TOUCH: THE COMPLETE FIRST SEASON
MOVIE: *1/2 (out of 5)
DVD EXPERIENCE: ** (out of 5)
Kiefer Sutherland as MARTIN BOHM
Gugu Mbatha-Raw as CLEA HOPKINS
David Mazouz as JAKE BOHM
Created by: Tim Kring
Studio: 20th Century Fox
BY KEVIN CARR
Once Kiefer Sutherland’s popular series “24” ended a couple years ago, Hollywood has been scrambling to get another hit. The makers of “24” went on to produce the quite excellent series “Homeland.” Sutherland took a more down-to-earth turn with the new series “Touch.” The complete first season is now available on DVD and Blu-ray.
“Touch” tells a story of numerology. Sutherland plays Martin Bohm, a former reporter whose wife was killed in the 9/11 attacks. His son Jake (David Mazouz) has severe developmental issues. He doesn’t like to be touched, he doesn’t speak and he is obsessed with numbers. Eventually, Martin discovers that Jake sees patterns where others don’t. Jake uses numbers to communicate with his father, and soon they get swept up in a greater story which shows all things are connected.
Tim Kring of “Heroes” fame is the showrunner for “Touch.” And it shows. It shows with all the same problems that “Heroes” faced, especially as the series wore on past season two.
Like “Heroes,” “Touch” gets needlessly convoluted at times and often doesn’t make any pragmatic sense. It’s meant to show that things are all connected, but the numbers that bring people together aren’t relevant to anything and result from completely arbitrary and unrelated things.
“Touch” has some great people behind it, and it’s nice to see Sutherland working in a series again. However, he’s carrying all of his Jack Bauer baggage with him. He doesn’t do enough to differentiate the character than the one in “24,” often employing the same delivery and acting ticks that become confusing to the viewer.

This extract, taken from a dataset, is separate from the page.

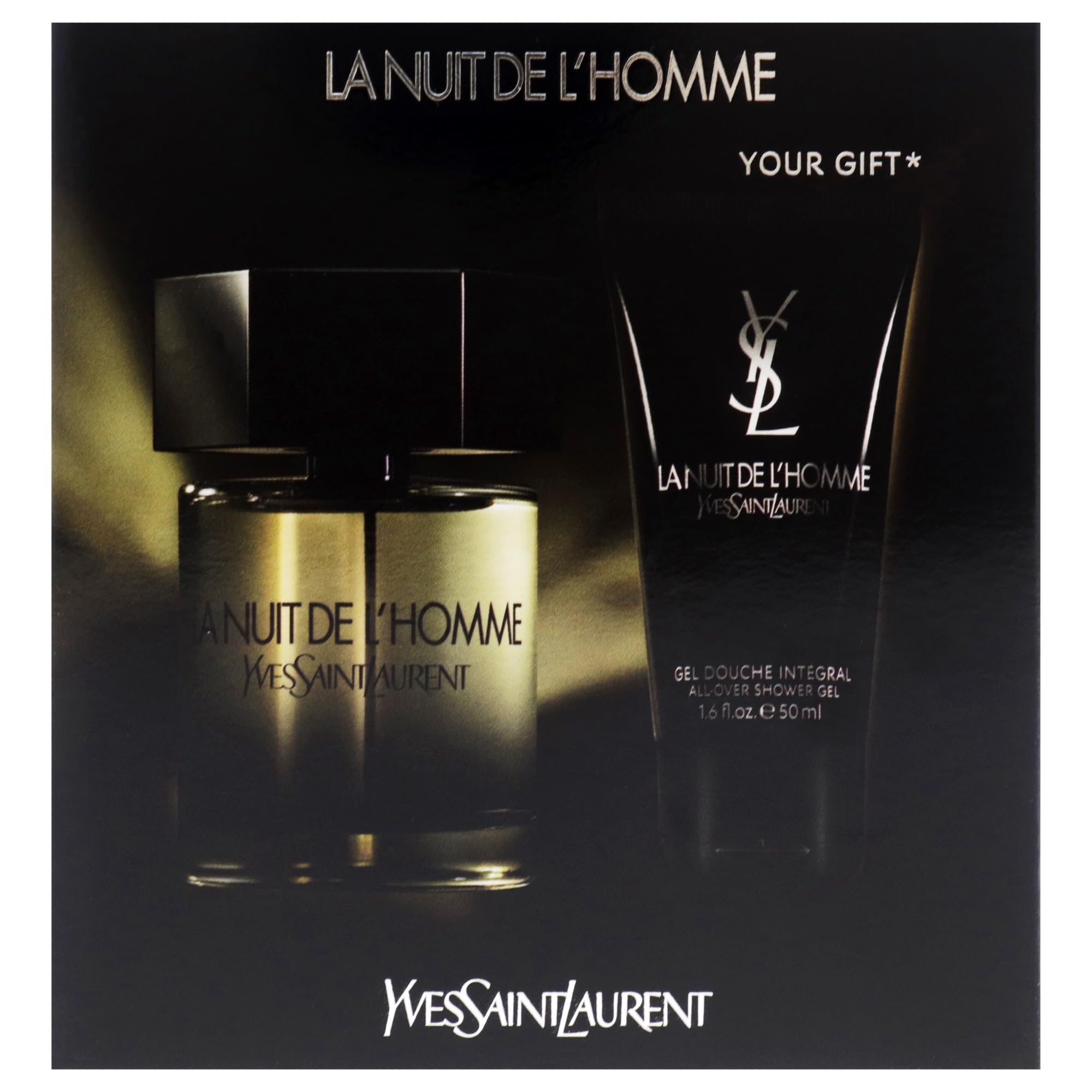 YSL La Nuit de L’Homme bottle on shelf suggesting evening wear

But the real problem with “Touch” is that it’s just too far out there. Like “Heroes” in season four, this show tries to be oh-so-clever with twists and turns. However, it has a saccharine-sweet overly goopy sense of optimism that I found too hard to swallow.
Finally, as sensitive as I am to children with developmental disorders, and as good as it is for a show to raise awareness of individuals in the autistic spectrum, the obligatory writing of a child with this condition is quickly becoming exploitative and trite. Sensitivity is good. Cashing in on a trend is not.
The season one DVD comes with all eleven episodes on three discs. Special features include deleted scenes, an extended pilot episode, plus two featurettes: “Fate’s Equation” and “Touch the World.”